🤖 AI Summary
This work addresses the challenge of limited real-world millimeter-wave radar data—scarce and costly to annotate—for large-scale training. The authors propose an end-to-end framework that synthesizes realistic radar point clouds from a single RGB image. By leveraging monocular depth estimation and semantic segmentation to reconstruct the 3D scene, and employing a vision-language model to infer object material properties, the method drives a physics-based ray-tracing simulation grounded in Fresnel reflection principles and electromagnetic parameters from the ITU-R database. This approach generates radar point clouds with consistent geometric and electromagnetic characteristics without manual modeling. Evaluated on real indoor scenes, a strategy of pretraining on synthetic data followed by fine-tuning on real data significantly improves radar-based 3D object detection, achieving up to a 3.7-point gain in 3D AP (IoU=0.3), primarily due to enhanced spatial localization accuracy.
📝 Abstract
Millimeter-wave (mmWave) radar provides reliable perception in visually degraded indoor environments (e.g., smoke, dust, and low light), but learning-based radar perception is bottlenecked by the scarcity and cost of collecting and annotating large-scale radar datasets. We present Sim2Radar, an end-to-end framework that synthesizes training radar data directly from single-view RGB images, enabling scalable data generation without manual scene modeling.

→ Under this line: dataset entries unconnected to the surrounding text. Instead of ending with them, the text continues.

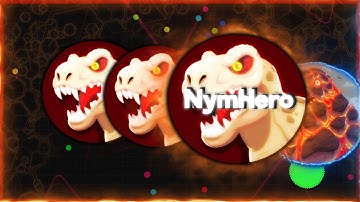 🔴 AGAR.IO LIVESTREAM 🔴 | Destroying lobbys with 100 bots ! | AGARBOT.OVH | Use ΣᐯΣ 🦋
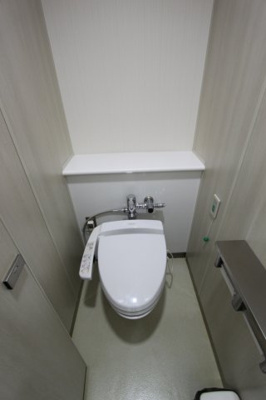 【その他共用部分】 | 富士フィルム仙台ビル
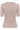 Brand Turbo brand-d57abc0c-2ae6-415b-9c41-96fdacd2985f image 2/7
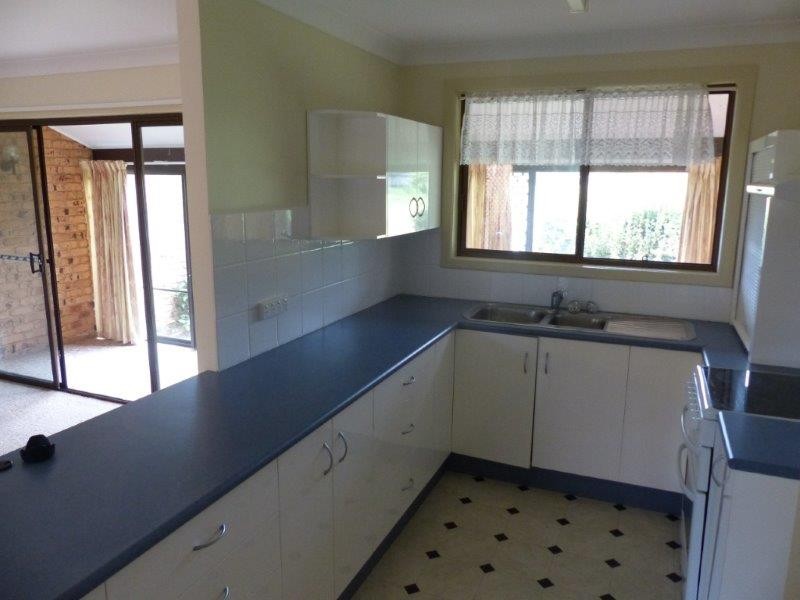 20/19 Green Street, Alstonville NSW 2477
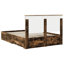 Bed-1746164404-1746164402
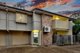 Photo - 9/30-42 Fleet Drive, Kippa-Ring QLD 4021 - Image 1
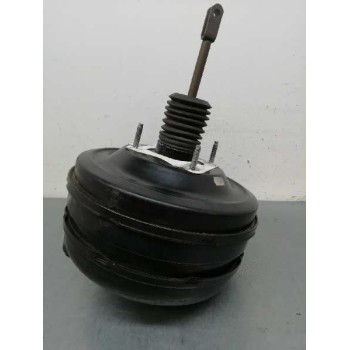 SERVOFRENO A9064300408 TRW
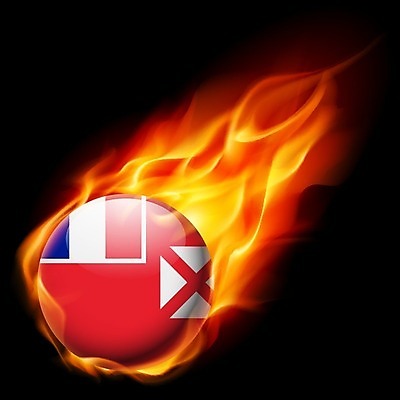 EPS 해외이미지 모양 전통 디자인 컨셉 십자가 일러스트 불 불꽃 이벤트 빨간색 파란색 빛 컬러풀 세계 에너지 흰색 깃발 원형 역사 어플리케이션 폭발 심볼 사인 매움 영토 배지 광택 프랑스어 고립 전국 정치 지리 해외202004 해외일러스트 자연요소 도형 문자 컬러 맛 파일형식 벡터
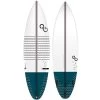 ELEVEIGHT CURL PRO 2021 -Magasin De Kitesurf eleveight curlpro 2021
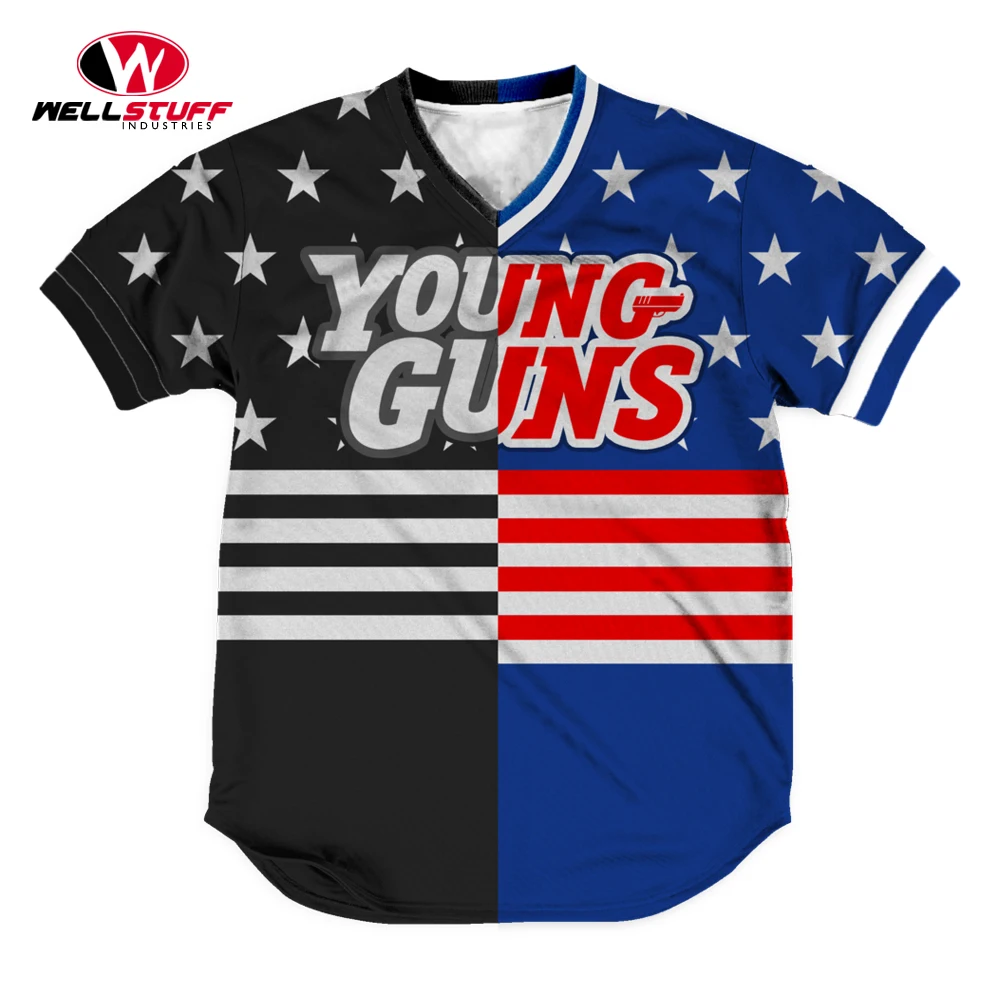 throwback baseball jerseys suppliers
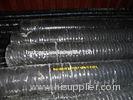 51mm Size Steal Wire Fuel Rubber Hose , Rubber Water Hose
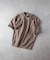 Champion(チャンピオン)【Right-on別注】リバースウィーブＴシャツ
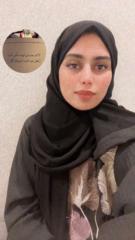 Abrar Albadrani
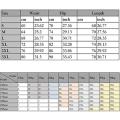 S-XXXL Men One Leg Basketball Tights Compression Polyester Sports Training Running Fitness Tights Pants Athletic Base Layer. 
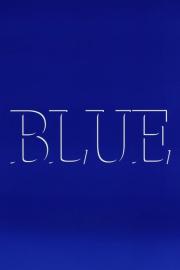Blue filmas
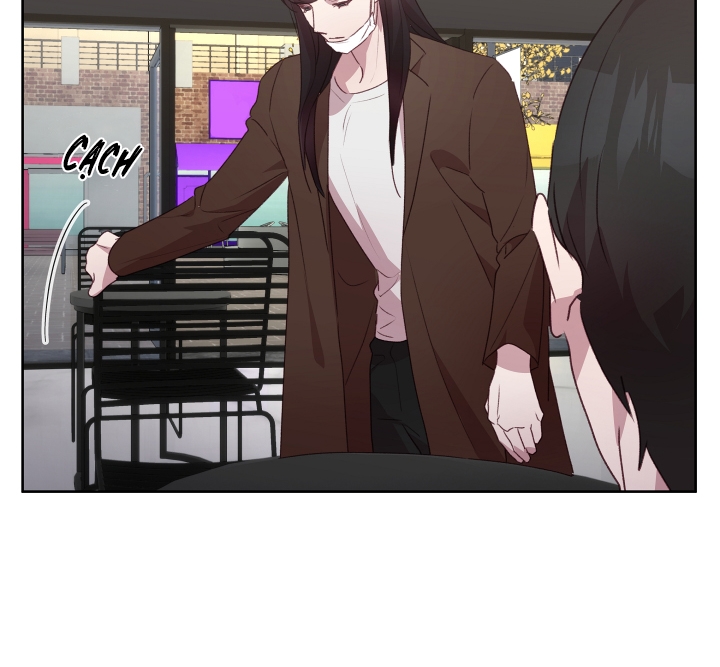 cuộc sống hai mặt của thần tượng chapter 16 4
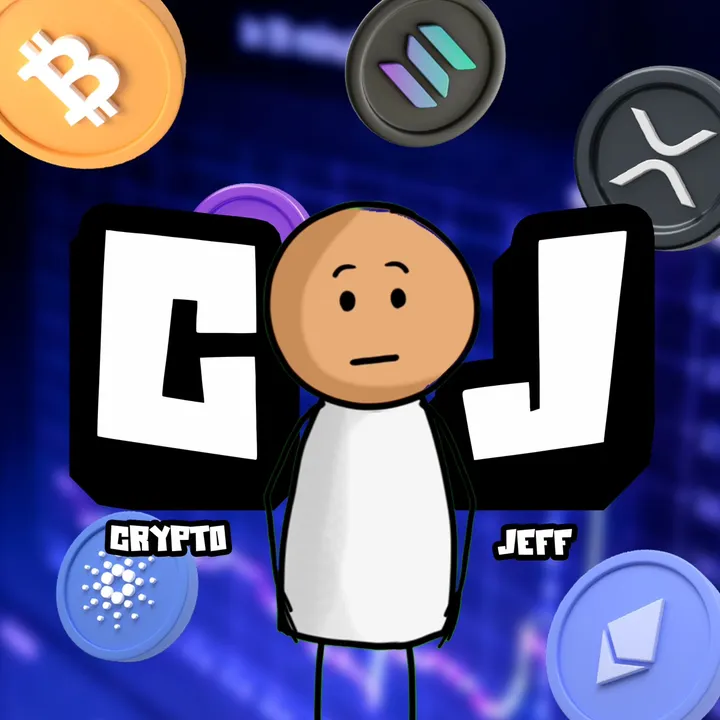 cryptojeff_de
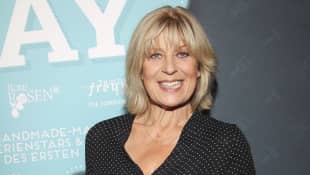 Mona Seefried: Seit dem „Sturm der Liebe“-Aus hat sie sich krass verändert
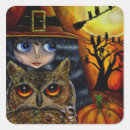 Search for kawaii eyes stickers Halloween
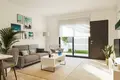 4 bedroom Villa 117 m² Aguilas, Spain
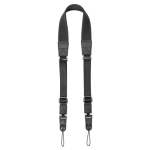 Veo Optic Guard Ws Wrist Strap With Quick Release System - Black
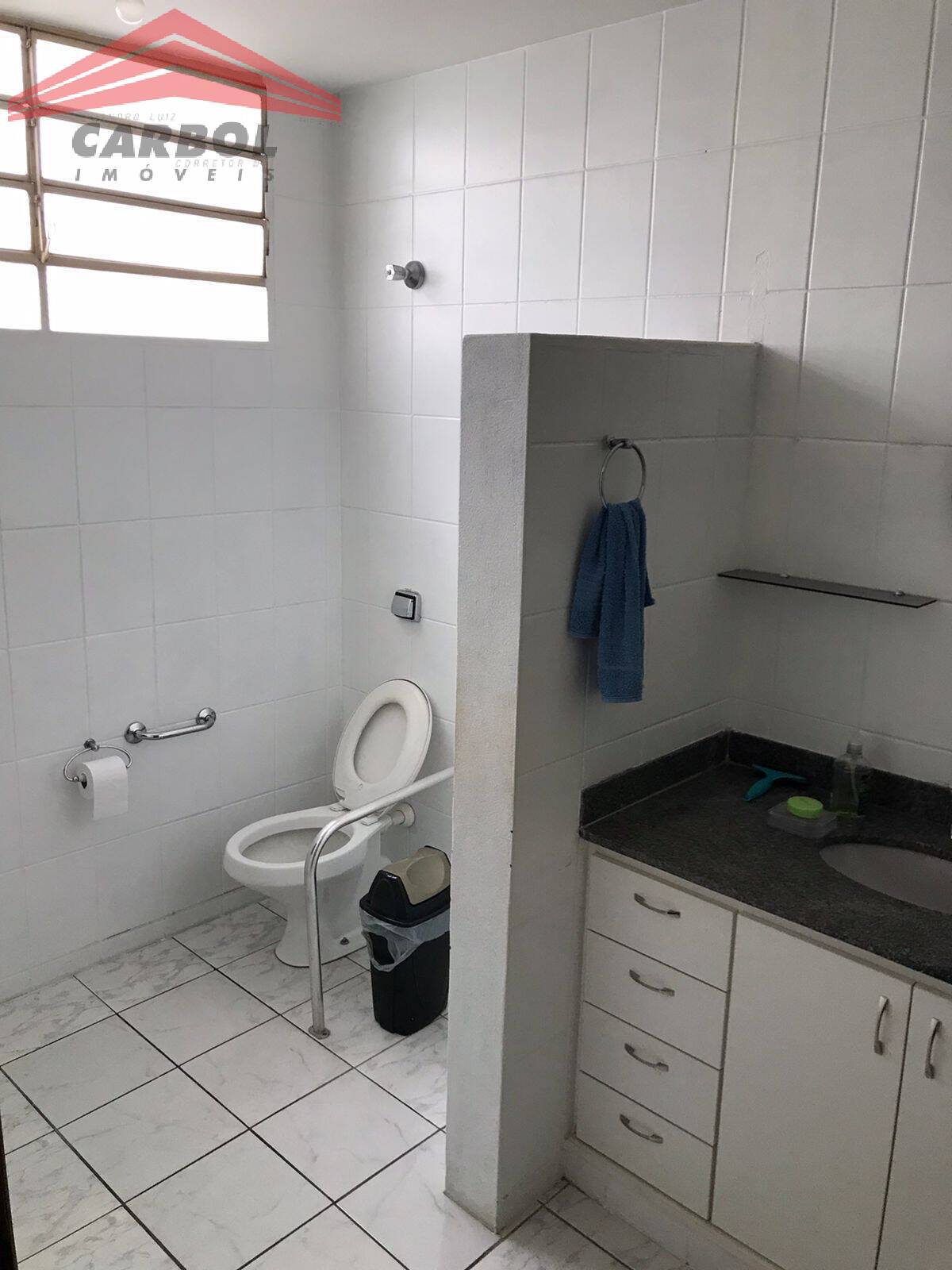 Casa para alugar com 3 quartos, 152m² - Foto 14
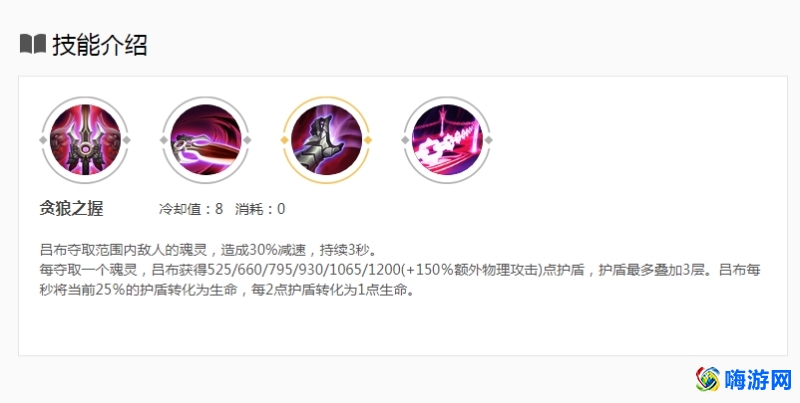 王者荣耀吕布最强出装和铭文(王者荣耀吕布怎么玩才厉害)？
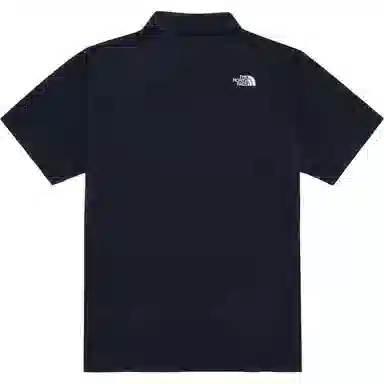 THE NORTH FACE Polo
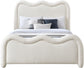 Gavin - Bed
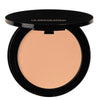 LAROCHE-POSAY TOLERIANE COMPACTO TONO 13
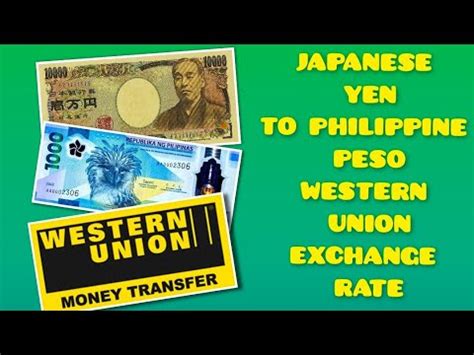 17000yen to php|170000 Japanese Yens (JPY) to Philippine Pesos (PHP) today.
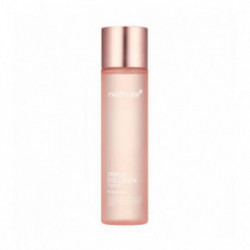 Medicube Triple Collagen Toner Pinguldav näotoonik 140ml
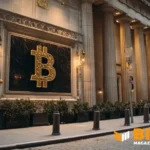 35-Trillion-Goldman-Sachs-Files-for-Bitcoin-Premium-Income-ETF-1024x576-1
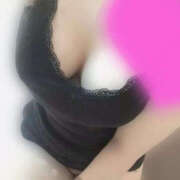 ヒメ日記 2025/12/06 20:24 投稿 りの メガ豚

Sim2Radar reconstructs a material-aware 3D scene by combining monocular depth estimation, segmentation, and vision-language reasoning to infer object materials, then simulates mmWave propagation with a configurable physics-based ray tracer using Fresnel reflection models parameterized by ITU-R electromagnetic properties. Evaluated on real-world indoor scenes, Sim2Radar improves downstream 3D radar perception via transfer learning: pre-training a radar point-cloud object detection model on synthetic data and fine-tuning on real radar yields up to +3.7 3D AP (IoU 0.3), with gains driven primarily by improved spatial localization. These results suggest that physics-based, vision-driven radar simulation can provide effective geometric priors for radar learning and measurably improve performance under limited real-data supervision.